This project is the first to combine the notion of a data repository with real-time visual analytics for interactive data mining and exploratory analysis on the web. State-of-the-art statistical techniques are combined with real-time data visualization giving the ability for researchers to seamlessly find, explore, understand, and discover key insights in a large number of public donated data sets. This large comprehensive collection of data is useful for making significant research findings as well as benchmark data sets for a wide variety of applications and domains and includes relational, attributed, heterogeneous, streaming, spatial, and time series data as well as non-relational machine learning data. All data sets are easily downloaded into a standard consistent format. We also have built a multi-level interactive visual analytics engine that allows users to visualize and interactively explore the data in a free-flowing manner.
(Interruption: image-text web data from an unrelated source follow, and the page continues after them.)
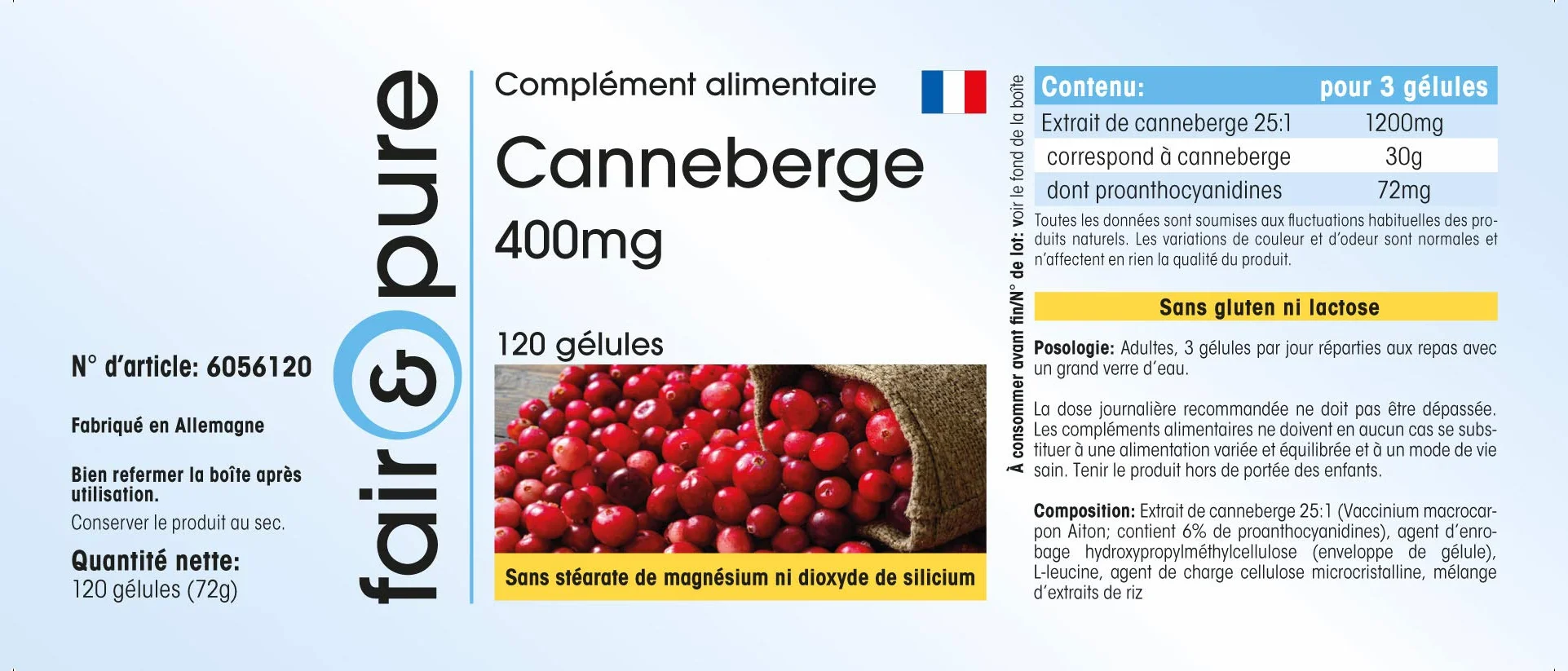 Fair & Pure ® Estratto di Mirtillo rosso 400mg - Estratto di Cranberry 30.000 mg (30g) - Vegan - 120 Capsule
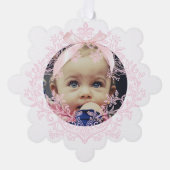 roze boog Doopsel dank u Ornament Kaart (Voorkant)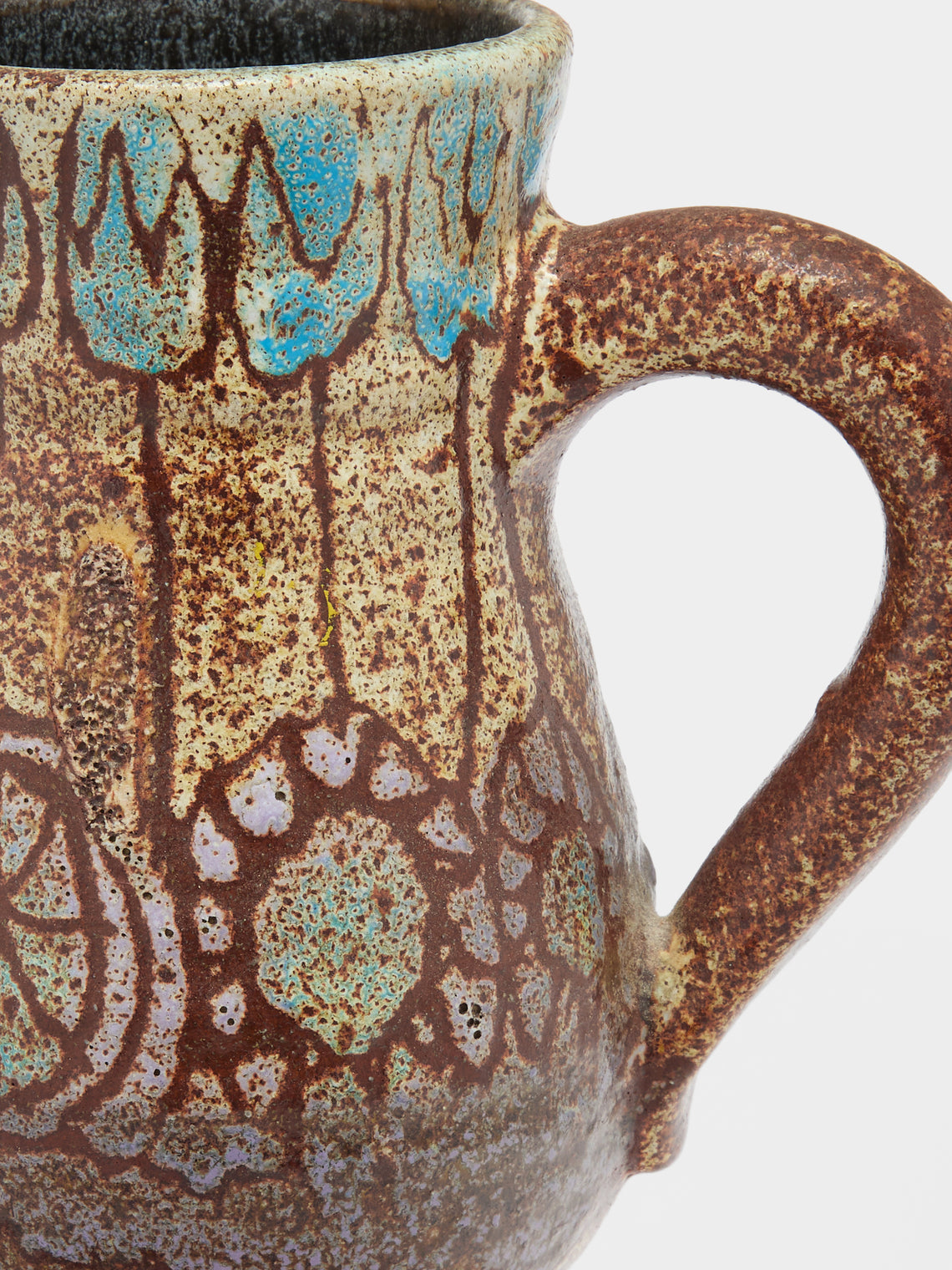 Antique and Vintage - Mid-Century Accolay Ceramic Pitcher - Brown - ABASK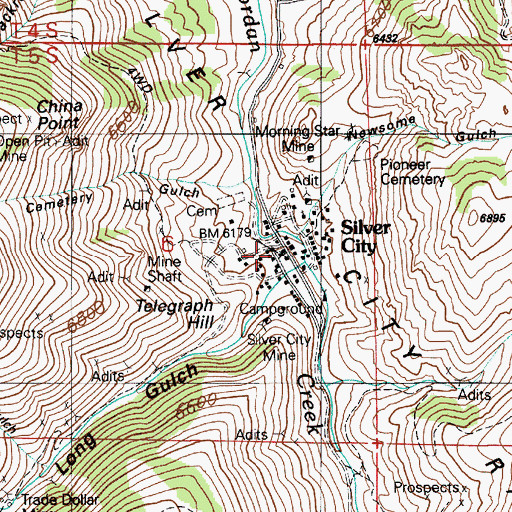 Topographic Map of Silver City, ID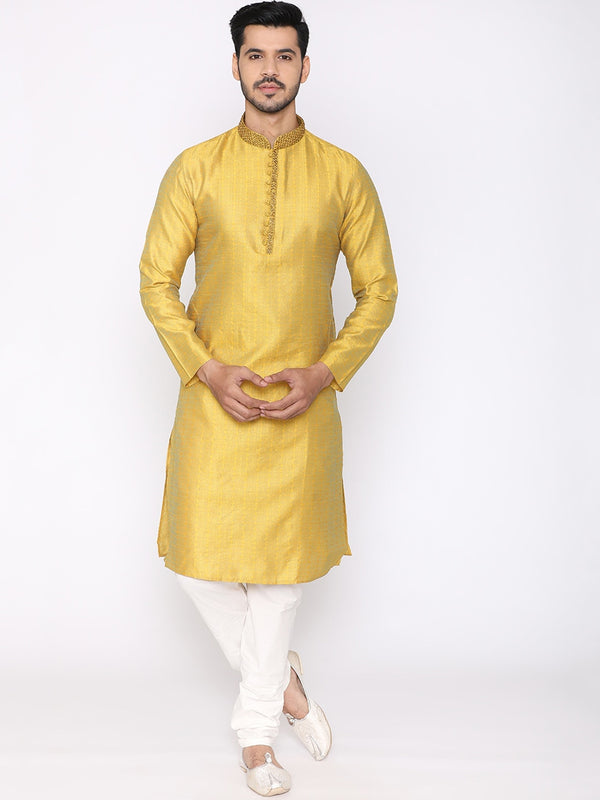 Manyavar Men Yellow & White Self Design Kurta with Churidar - Distacart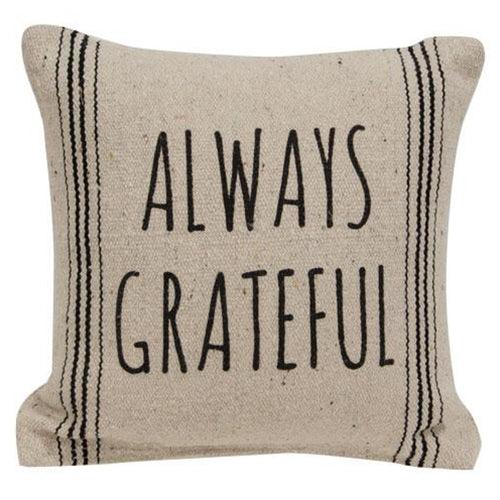 Always Grateful Striped Natural Pillow - The Fox Decor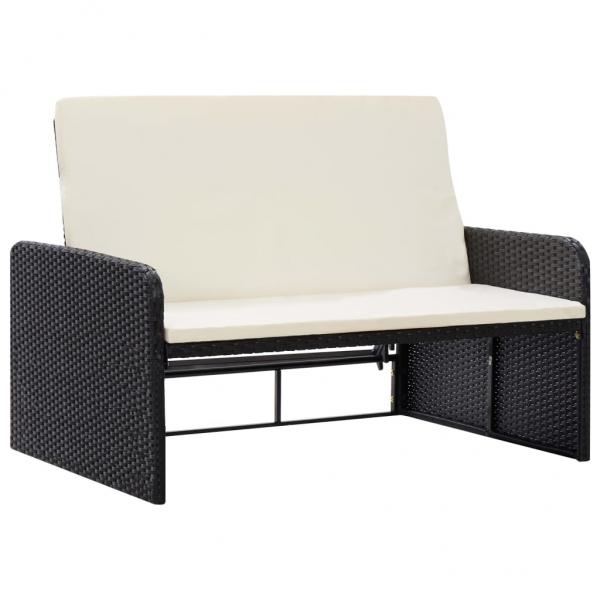 2-tlg. Garten-Lounge-Set mit Auflagen Poly Rattan Schwarz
MLvis.com - An interactive visual data exploration repository


Our vision

Scientific progress depends on standard datasets for which claims, hypotheses, and algorithms can be compared and evaluated. Despite the importance of having standard datasets, it is often impossible to find the original data used in published experiments, and at best it is difficult and time consuming. This site is an effort to improve and facilitate the scientific research community to share, find, and interactive visualize and explore the data and its frequent patterns/trends, as well as outliers and anomalies. We are the first data repository to combine visual analytics with state-of-the-art statistical techniques to allow researchers to seamlessly explore, compare, and analyze the data in real-time on the web. It makes it easy for researchers to download, compare results and findings from papers, as well as analyze and compare hundreds of data from a variety of different collections and domains. Our goal is to make these scientific data widely available to everyone while also providing a first attempt at interactive analytics on the web.

  • Network Repository (NR) is the first interactive data repository with a web-based platform for visual interactive analytics. Unlike other data repositories (e.g., UCI ML Data Repository, and SNAP), the network data repository (networkrepository.com) allows users to not only download, but to interactively analyze and visualize such data using our web-based interactive graph analytics platform. Users can in real-time analyze, visualize, compare, and explore data along many different dimensions. The aim of NR is to make it easy to discover key insights into the data extremely fast with little effort while also providing a medium for users to share data, visualizations, and insights. Other key factors that differentiate NR from the current data repositories is the number of graph datasets, their size, and variety. While other data repositories are static, they also lack a means for users to collaboratively discuss a particular dataset, corrections, or challenges with using the data for certain applications. In contrast, we have incorporated many social and collaborative aspects into NR in hopes of further facilitating scientific research (e.g., users can discuss each graph, post observations, visualizations, etc.).